Current census was 1 resident.
The purpose of this visit was to verify the plan of correction that was required to be completed for deficiencies that were previously cited on a prior visit conducted on 12/06/2023.

Water supplies and plumbing fixtures shall be maintained as follows: (3) Taps delivering water at 125 degree F (52 degrees C) or above shall be prominently identified by warning signs.

In addition to paragraph (1), training requirements shall also include an additional 20 hours annually, eight hours of which shall be dementia care training, as required by subdivision (a) of Section 1569.626, and four hours of which shall be specific to postural supports, restricted health conditions, and hospice care, as required by subdivision (a) of Section 1569.696. This training shall be administered on the job, or in a classroom setting, or both, and may include online training.

The deficiencies were corrected and brought into compliance at this time.

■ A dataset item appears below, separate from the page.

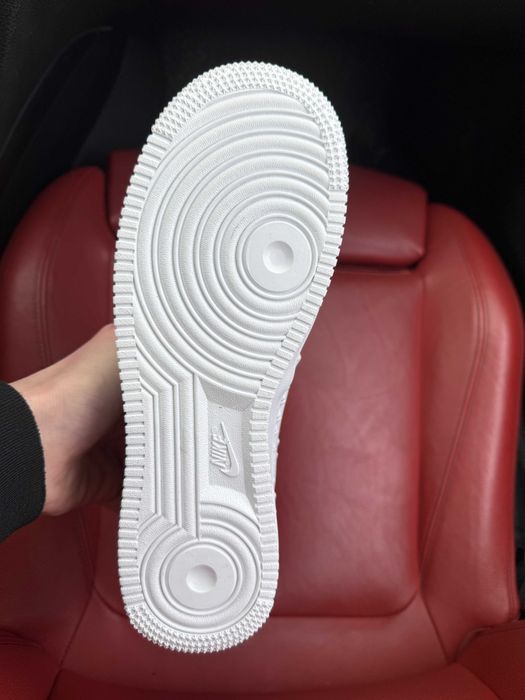 (ОПЛАТА ПІСЛЯ ОГЛЯДУ)Nike Air Force 1 Low "Independence Day" White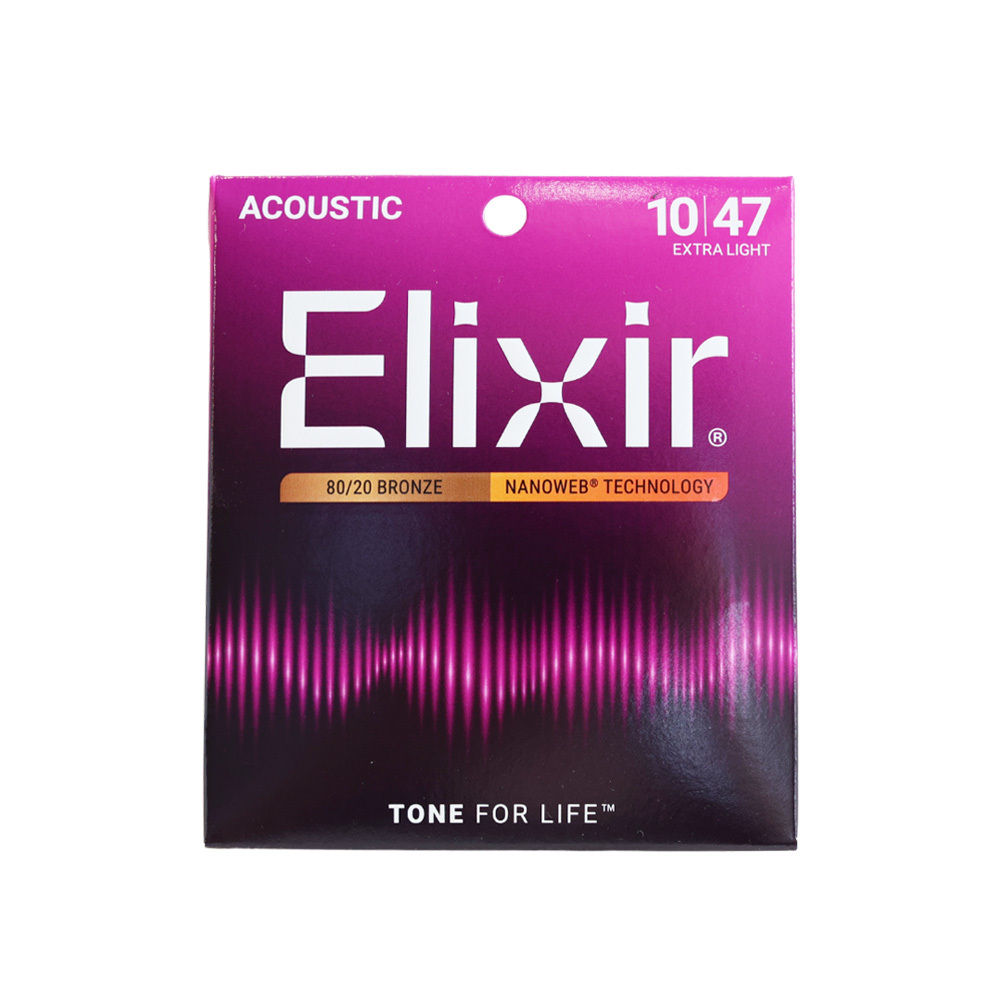 規格_11002 Elixir 民謠吉他弦_青銅NANO_1047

Clearance letters were printed and a copy was given to the facility staff person at this time.

There were no further deficiencies observed or cited during today's plan of correction visit.

Exit Interview
SUPERVISORS NAME: Liza King
LICENSING EVALUATOR NAME: Charlie Yang
LICENSING EVALUATOR SIGNATURE: DATE: 01/03/2024
I acknowledge receipt of this form and understand my licensing appeal rights as explained and received.
FACILITY REPRESENTATIVE SIGNATURE: DATE: 01/03/2024
This report must be available at Child Care and Group Home facilities for public review for 3 years.